Taken together, the analysis of the isolates suggested that we have identified
some genome combinations originated from a recombination or host adaptation
events involving the ordinary strain PVYcom delivered from Europe in 1998 year
(Glais et al., 2002; Fanigliulo et al., 2004; Schubert et al.,
2006). Considering the similarity of the level of the isolate nucleotide identities
with both PVY0 and PVYN/NTN strains, the phylogenetic
analysis can develop their positions in the context of the molecular ancestry
and evolution (Moury et al., 2002; Chare and Holmes, 2005). As shown
in Fig. 2, the isolates PVYagr, PVYhum, PVYsp, PVYcom occupy
separated subclusters of PVY family. The Far-Eastern isolates are evidently
in the intermediate position between PVY0 and PVYN/NTN.
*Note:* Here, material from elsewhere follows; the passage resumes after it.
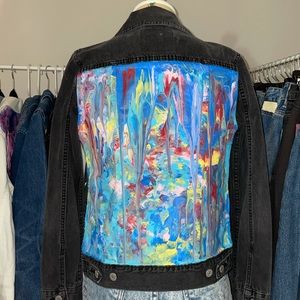 custom rainbow painted black Levi’s denim jacket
The ordinary PVYcom strain is closer to PVY0 from China (accession
n. AY095170) and Finland (accession n. AJ315742). This may be explained by common
geographic percentage with the Chinese strain, which was also introduced into
China from Europe (Krishanu et al., 2004). It may as well get there through
the Russian border for the first time. The probability is that further alteration
of the initial ordinary strain into the current necrosis PVY strain variations
occurred in the Far-Eastern region of Russia. Moreover, hotbeds of a new emerged
PVY infection can consume agrocenoses as well as the remote biocenosis.
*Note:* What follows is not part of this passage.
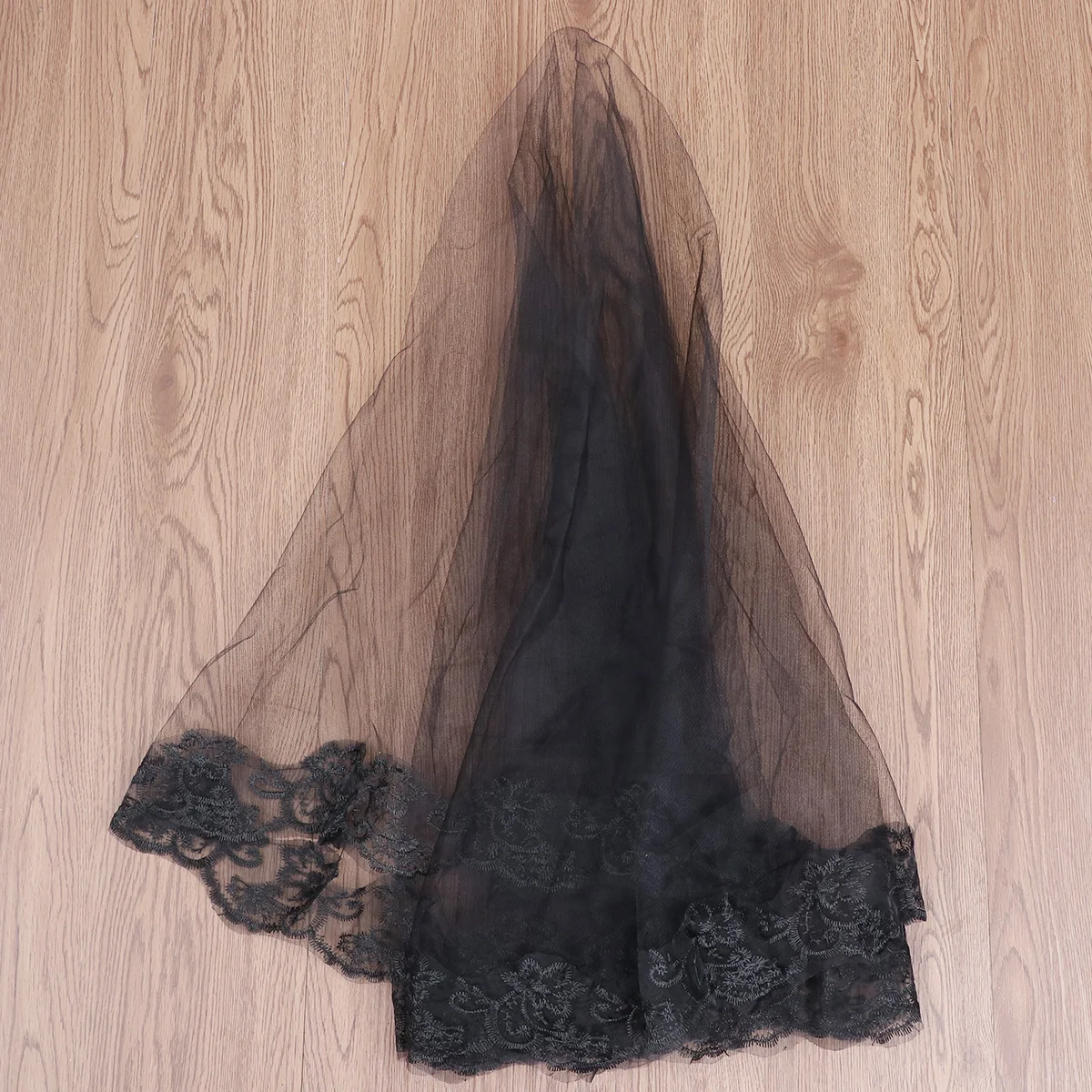 Retro Embroidery Veil Lace Bride Long Black for Photography Wedding Halloween Cosplay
Fig. 1: | Partial alignment of nucleotide sequences of the most variable P1 gene region of some Russian Far-Eastern isolates: PVYsp (DQ458958), PVYcom (DQ458782), PVYhum (DQ458959), PVYagr (DQ458960) with the different PVY strains: PVYNTN_North America (isolate Tu 648, European type, AF401610); PVYNTN_Slovenia (AJ585342); PVYN_Denmark (AJ315738); PVYN_Russia (AJ315746); PVYN_North America, isolate N27 (AF401606); PVY0_Finland (AJ245554); PVY0_China (AY095170); PVY0_Ukraine (AJ315740). Diagnostic sequence sites (S3, S4, S5, S6, S7) are black boxed according to Nie and Singh (2003b). Nucleotides of P1 gene region are numbered above the sequences. Nucleotide sequences colored grey indicate PVYN/NTN type. Nucleotide sequences underlined indicate PVY0 type |
Fig. 2: | Partial neighbor-joining unrooted tree constructed on the base of the nucleotide sequence alignments of P1 coding regions of the Russian Far-Eastern isolates and homologies. Nodes with bootstrap probabilities are indicated by % |
The results of nucleotide recombination or resorting among strains in the period of coexistence in the same host-plants have been suggested to play a role in their adaptation and acquiring of necrotic characteristics of the Far-Eastern PVY isolates. The role of allopatric geographical features as well as the host adaptation in the evolutionary divergence and selection of particular virus isolates is also within the realm of possibility (Bousalem et al., 2000; Romero et al., 2001; Ohshima et al., 2002; Ogawa et al., 2007). It is evidently that phylogenetic analysis of viral genomics can be effectively used in the study of pathogenesis, epidemiology and evolution of PVY.
ACKNOWLEDGMENT
This research was partially funded by the FEBRAS grant 09-III-A-06-176.